→ AIM OF THE EXERCISE
This exercise calls for an exact copy of the data below.

Short descriptive text snippets
■ ■ ■ ■

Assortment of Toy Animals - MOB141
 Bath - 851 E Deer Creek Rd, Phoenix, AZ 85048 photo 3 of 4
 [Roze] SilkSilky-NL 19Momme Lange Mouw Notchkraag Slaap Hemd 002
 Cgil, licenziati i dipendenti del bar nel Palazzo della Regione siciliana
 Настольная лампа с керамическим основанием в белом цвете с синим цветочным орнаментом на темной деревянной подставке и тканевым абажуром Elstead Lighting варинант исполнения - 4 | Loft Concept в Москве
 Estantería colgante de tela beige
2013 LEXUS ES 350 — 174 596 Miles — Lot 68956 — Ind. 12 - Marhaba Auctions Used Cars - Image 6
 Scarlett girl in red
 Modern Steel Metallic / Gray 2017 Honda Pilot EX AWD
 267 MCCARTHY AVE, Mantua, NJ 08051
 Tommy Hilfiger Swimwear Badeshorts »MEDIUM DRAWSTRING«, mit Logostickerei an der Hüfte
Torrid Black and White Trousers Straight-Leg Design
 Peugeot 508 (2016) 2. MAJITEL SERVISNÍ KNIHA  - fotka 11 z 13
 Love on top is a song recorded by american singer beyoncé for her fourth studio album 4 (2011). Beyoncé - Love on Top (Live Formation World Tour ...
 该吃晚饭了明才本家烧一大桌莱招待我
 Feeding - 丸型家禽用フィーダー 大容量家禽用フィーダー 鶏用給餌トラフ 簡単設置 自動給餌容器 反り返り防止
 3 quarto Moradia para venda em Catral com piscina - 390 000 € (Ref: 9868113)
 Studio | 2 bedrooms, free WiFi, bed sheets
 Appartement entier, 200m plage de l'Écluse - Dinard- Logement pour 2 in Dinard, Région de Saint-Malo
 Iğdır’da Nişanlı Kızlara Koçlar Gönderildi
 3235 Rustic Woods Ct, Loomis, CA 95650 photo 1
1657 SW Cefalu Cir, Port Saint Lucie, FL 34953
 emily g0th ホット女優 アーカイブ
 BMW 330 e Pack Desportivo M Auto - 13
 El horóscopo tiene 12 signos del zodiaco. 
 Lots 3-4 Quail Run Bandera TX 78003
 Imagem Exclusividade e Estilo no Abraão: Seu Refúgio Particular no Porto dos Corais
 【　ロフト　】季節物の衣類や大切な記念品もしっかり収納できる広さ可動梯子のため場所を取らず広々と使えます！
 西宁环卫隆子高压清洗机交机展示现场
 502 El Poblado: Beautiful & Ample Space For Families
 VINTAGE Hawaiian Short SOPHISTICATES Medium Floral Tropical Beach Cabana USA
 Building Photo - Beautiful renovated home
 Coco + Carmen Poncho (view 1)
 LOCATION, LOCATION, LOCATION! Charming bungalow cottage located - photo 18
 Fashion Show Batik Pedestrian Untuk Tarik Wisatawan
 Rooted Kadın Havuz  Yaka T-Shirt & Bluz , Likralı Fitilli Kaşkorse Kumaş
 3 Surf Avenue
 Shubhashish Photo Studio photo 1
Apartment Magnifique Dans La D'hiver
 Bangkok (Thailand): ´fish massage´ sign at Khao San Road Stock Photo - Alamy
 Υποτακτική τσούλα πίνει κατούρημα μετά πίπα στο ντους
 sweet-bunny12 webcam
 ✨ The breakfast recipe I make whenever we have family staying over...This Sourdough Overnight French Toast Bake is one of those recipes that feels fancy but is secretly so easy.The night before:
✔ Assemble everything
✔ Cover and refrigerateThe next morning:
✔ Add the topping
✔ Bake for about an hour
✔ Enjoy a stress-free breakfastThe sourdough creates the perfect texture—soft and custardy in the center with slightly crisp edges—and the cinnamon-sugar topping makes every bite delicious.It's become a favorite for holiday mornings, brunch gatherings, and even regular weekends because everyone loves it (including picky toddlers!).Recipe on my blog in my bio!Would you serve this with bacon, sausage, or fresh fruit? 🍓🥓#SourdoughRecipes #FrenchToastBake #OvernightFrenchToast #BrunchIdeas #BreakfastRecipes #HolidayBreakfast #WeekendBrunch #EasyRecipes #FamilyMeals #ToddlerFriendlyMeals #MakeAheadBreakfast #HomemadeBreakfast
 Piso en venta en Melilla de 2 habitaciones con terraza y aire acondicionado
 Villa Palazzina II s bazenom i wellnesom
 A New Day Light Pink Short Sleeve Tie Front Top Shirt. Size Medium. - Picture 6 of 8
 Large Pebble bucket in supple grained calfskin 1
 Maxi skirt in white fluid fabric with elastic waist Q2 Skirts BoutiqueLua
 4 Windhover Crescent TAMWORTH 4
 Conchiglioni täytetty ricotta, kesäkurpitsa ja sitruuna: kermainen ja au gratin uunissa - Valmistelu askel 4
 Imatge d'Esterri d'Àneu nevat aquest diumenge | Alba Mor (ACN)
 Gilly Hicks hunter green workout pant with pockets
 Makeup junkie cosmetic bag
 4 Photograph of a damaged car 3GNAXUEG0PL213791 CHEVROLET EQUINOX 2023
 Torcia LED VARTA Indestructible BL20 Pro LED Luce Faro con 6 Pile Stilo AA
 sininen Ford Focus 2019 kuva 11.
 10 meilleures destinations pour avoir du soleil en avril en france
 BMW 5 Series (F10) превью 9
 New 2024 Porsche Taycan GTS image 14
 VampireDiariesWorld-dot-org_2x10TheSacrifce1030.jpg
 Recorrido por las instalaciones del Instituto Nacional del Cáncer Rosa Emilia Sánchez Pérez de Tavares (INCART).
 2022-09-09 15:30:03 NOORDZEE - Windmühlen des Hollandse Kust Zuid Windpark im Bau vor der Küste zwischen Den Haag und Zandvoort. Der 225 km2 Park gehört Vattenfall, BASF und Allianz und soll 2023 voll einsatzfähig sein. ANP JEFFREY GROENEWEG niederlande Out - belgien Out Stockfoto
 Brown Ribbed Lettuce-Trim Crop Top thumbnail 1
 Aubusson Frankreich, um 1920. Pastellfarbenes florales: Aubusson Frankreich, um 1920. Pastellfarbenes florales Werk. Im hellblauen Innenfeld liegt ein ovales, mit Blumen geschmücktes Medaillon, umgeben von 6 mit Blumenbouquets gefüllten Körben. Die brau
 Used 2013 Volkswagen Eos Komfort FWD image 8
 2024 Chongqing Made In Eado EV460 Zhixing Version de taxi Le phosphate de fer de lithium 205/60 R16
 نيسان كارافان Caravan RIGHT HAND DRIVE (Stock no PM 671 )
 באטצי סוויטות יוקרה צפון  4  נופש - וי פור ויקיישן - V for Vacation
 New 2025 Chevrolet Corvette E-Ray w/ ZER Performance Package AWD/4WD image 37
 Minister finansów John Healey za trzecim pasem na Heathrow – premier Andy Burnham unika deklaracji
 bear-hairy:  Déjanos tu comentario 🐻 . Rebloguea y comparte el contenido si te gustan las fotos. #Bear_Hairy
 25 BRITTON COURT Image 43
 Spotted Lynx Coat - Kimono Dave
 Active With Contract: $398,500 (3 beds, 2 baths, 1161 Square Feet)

■ ■ ■ ■

→ FINISHED EXERCISE
Assortment of Toy Animals - MOB141
 Bath - 851 E Deer Creek Rd, Phoenix, AZ 85048 photo 3 of 4
 [Roze] SilkSilky-NL 19Momme Lange Mouw Notchkraag Slaap Hemd 002
 Cgil, licenziati i dipendenti del bar nel Palazzo della Regione siciliana
 Настольная лампа с керамическим основанием в белом цвете с синим цветочным орнаментом на темной деревянной подставке и тканевым абажуром Elstead Lighting варинант исполнения - 4 | Loft Concept в Москве
 Estantería colgante de tela beige
2013 LEXUS ES 350 — 174 596 Miles — Lot 68956 — Ind. 12 - Marhaba Auctions Used Cars - Image 6
 Scarlett girl in red
 Modern Steel Metallic / Gray 2017 Honda Pilot EX AWD
 267 MCCARTHY AVE, Mantua, NJ 08051
 Tommy Hilfiger Swimwear Badeshorts »MEDIUM DRAWSTRING«, mit Logostickerei an der Hüfte
Torrid Black and White Trousers Straight-Leg Design
 Peugeot 508 (2016) 2. MAJITEL SERVISNÍ KNIHA  - fotka 11 z 13
 Love on top is a song recorded by american singer beyoncé for her fourth studio album 4 (2011). Beyoncé - Love on Top (Live Formation World Tour ...
 该吃晚饭了明才本家烧一大桌莱招待我
 Feeding - 丸型家禽用フィーダー 大容量家禽用フィーダー 鶏用給餌トラフ 簡単設置 自動給餌容器 反り返り防止
 3 quarto Moradia para venda em Catral com piscina - 390 000 € (Ref: 9868113)
 Studio | 2 bedrooms, free WiFi, bed sheets
 Appartement entier, 200m plage de l'Écluse - Dinard- Logement pour 2 in Dinard, Région de Saint-Malo
 Iğdır’da Nişanlı Kızlara Koçlar Gönderildi
 3235 Rustic Woods Ct, Loomis, CA 95650 photo 1
1657 SW Cefalu Cir, Port Saint Lucie, FL 34953
 emily g0th ホット女優 アーカイブ
 BMW 330 e Pack Desportivo M Auto - 13
 El horóscopo tiene 12 signos del zodiaco. 
 Lots 3-4 Quail Run Bandera TX 78003
 Imagem Exclusividade e Estilo no Abraão: Seu Refúgio Particular no Porto dos Corais
 【　ロフト　】季節物の衣類や大切な記念品もしっかり収納できる広さ可動梯子のため場所を取らず広々と使えます！
 西宁环卫隆子高压清洗机交机展示现场
 502 El Poblado: Beautiful & Ample Space For Families
 VINTAGE Hawaiian Short SOPHISTICATES Medium Floral Tropical Beach Cabana USA
 Building Photo - Beautiful renovated home
 Coco + Carmen Poncho (view 1)
 LOCATION, LOCATION, LOCATION! Charming bungalow cottage located - photo 18
 Fashion Show Batik Pedestrian Untuk Tarik Wisatawan
 Rooted Kadın Havuz  Yaka T-Shirt & Bluz , Likralı Fitilli Kaşkorse Kumaş
 3 Surf Avenue
 Shubhashish Photo Studio photo 1
Apartment Magnifique Dans La D'hiver
 Bangkok (Thailand): ´fish massage´ sign at Khao San Road Stock Photo - Alamy
 Υποτακτική τσούλα πίνει κατούρημα μετά πίπα στο ντους
 sweet-bunny12 webcam
 ✨ The breakfast recipe I make whenever we have family staying over...This Sourdough Overnight French Toast Bake is one of those recipes that feels fancy but is secretly so easy.The night before:
✔ Assemble everything
✔ Cover and refrigerateThe next morning:
✔ Add the topping
✔ Bake for about an hour
✔ Enjoy a stress-free breakfastThe sourdough creates the perfect texture—soft and custardy in the center with slightly crisp edges—and the cinnamon-sugar topping makes every bite delicious.It's become a favorite for holiday mornings, brunch gatherings, and even regular weekends because everyone loves it (including picky toddlers!).Recipe on my blog in my bio!Would you serve this with bacon, sausage, or fresh fruit? 🍓🥓#SourdoughRecipes #FrenchToastBake #OvernightFrenchToast #BrunchIdeas #BreakfastRecipes #HolidayBreakfast #WeekendBrunch #EasyRecipes #FamilyMeals #ToddlerFriendlyMeals #MakeAheadBreakfast #HomemadeBreakfast
 Piso en venta en Melilla de 2 habitaciones con terraza y aire acondicionado
 Villa Palazzina II s bazenom i wellnesom
 A New Day Light Pink Short Sleeve Tie Front Top Shirt. Size Medium. - Picture 6 of 8
 Large Pebble bucket in supple grained calfskin 1
 Maxi skirt in white fluid fabric with elastic waist Q2 Skirts BoutiqueLua
 4 Windhover Crescent TAMWORTH 4
 Conchiglioni täytetty ricotta, kesäkurpitsa ja sitruuna: kermainen ja au gratin uunissa - Valmistelu askel 4
 Imatge d'Esterri d'Àneu nevat aquest diumenge | Alba Mor (ACN)
 Gilly Hicks hunter green workout pant with pockets
 Makeup junkie cosmetic bag
 4 Photograph of a damaged car 3GNAXUEG0PL213791 CHEVROLET EQUINOX 2023
 Torcia LED VARTA Indestructible BL20 Pro LED Luce Faro con 6 Pile Stilo AA
 sininen Ford Focus 2019 kuva 11.
 10 meilleures destinations pour avoir du soleil en avril en france
 BMW 5 Series (F10) превью 9
 New 2024 Porsche Taycan GTS image 14
 VampireDiariesWorld-dot-org_2x10TheSacrifce1030.jpg
 Recorrido por las instalaciones del Instituto Nacional del Cáncer Rosa Emilia Sánchez Pérez de Tavares (INCART).
 2022-09-09 15:30:03 NOORDZEE - Windmühlen des Hollandse Kust Zuid Windpark im Bau vor der Küste zwischen Den Haag und Zandvoort. Der 225 km2 Park gehört Vattenfall, BASF und Allianz und soll 2023 voll einsatzfähig sein. ANP JEFFREY GROENEWEG niederlande Out - belgien Out Stockfoto
 Brown Ribbed Lettuce-Trim Crop Top thumbnail 1
 Aubusson Frankreich, um 1920. Pastellfarbenes florales: Aubusson Frankreich, um 1920. Pastellfarbenes florales Werk. Im hellblauen Innenfeld liegt ein ovales, mit Blumen geschmücktes Medaillon, umgeben von 6 mit Blumenbouquets gefüllten Körben. Die brau
 Used 2013 Volkswagen Eos Komfort FWD image 8
 2024 Chongqing Made In Eado EV460 Zhixing Version de taxi Le phosphate de fer de lithium 205/60 R16
 نيسان كارافان Caravan RIGHT HAND DRIVE (Stock no PM 671 )
 באטצי סוויטות יוקרה צפון  4  נופש - וי פור ויקיישן - V for Vacation
 New 2025 Chevrolet Corvette E-Ray w/ ZER Performance Package AWD/4WD image 37
 Minister finansów John Healey za trzecim pasem na Heathrow – premier Andy Burnham unika deklaracji
 bear-hairy:  Déjanos tu comentario 🐻 . Rebloguea y comparte el contenido si te gustan las fotos. #Bear_Hairy
 25 BRITTON COURT Image 43
 Spotted Lynx Coat - Kimono Dave
 Active With Contract: $398,500 (3 beds, 2 baths, 1161 Square Feet)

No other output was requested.